> _WORK REQUEST_:
In the lines below, the string "Home" may appear; say how many lines hold it and give nothing more.

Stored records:
[Start of Attachment]

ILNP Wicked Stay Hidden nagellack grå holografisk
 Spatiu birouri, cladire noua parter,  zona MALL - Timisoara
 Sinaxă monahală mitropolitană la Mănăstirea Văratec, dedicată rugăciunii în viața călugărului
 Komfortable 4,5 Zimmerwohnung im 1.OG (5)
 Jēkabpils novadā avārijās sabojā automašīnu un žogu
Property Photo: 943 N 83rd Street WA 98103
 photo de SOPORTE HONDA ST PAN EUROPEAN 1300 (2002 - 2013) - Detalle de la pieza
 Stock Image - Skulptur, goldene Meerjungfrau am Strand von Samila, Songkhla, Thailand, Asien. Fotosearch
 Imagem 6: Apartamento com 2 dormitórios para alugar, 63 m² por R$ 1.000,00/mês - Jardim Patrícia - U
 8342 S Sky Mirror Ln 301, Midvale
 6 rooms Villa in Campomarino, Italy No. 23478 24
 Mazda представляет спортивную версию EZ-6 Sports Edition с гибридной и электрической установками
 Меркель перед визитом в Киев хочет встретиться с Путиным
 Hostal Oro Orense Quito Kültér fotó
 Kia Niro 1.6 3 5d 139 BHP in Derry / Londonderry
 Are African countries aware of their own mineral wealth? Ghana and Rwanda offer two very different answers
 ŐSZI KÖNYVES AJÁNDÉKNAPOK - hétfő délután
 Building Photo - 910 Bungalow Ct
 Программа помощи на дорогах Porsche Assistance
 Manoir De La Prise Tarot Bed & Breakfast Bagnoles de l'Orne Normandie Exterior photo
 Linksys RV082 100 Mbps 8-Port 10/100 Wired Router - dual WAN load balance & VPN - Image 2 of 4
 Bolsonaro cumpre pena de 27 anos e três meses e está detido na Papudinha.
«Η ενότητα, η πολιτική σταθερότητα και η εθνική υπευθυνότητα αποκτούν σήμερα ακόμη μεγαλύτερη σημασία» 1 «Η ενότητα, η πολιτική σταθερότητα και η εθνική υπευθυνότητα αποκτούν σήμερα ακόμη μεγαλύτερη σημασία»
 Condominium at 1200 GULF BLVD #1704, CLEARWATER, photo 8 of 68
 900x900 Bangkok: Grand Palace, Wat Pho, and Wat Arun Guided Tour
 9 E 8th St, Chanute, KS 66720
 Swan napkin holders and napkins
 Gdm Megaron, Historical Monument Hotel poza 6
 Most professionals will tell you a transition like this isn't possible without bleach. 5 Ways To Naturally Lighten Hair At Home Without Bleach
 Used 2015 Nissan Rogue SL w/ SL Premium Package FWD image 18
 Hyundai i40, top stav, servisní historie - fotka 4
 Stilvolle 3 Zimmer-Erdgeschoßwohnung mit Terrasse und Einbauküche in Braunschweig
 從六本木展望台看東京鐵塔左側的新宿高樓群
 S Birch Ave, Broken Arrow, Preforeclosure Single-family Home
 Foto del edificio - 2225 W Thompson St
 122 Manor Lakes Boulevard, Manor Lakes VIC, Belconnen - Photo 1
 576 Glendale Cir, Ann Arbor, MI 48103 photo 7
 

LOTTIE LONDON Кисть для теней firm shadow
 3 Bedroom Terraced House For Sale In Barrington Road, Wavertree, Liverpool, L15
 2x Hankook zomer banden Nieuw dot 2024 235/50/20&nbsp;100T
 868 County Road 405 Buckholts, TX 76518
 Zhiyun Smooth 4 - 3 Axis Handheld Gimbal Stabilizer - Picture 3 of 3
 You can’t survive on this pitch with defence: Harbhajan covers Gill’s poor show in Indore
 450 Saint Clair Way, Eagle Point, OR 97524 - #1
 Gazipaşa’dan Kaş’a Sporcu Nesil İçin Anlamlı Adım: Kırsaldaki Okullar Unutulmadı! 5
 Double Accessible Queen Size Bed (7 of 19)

[End of Attachment]

> _RESPONSE BOX_:
2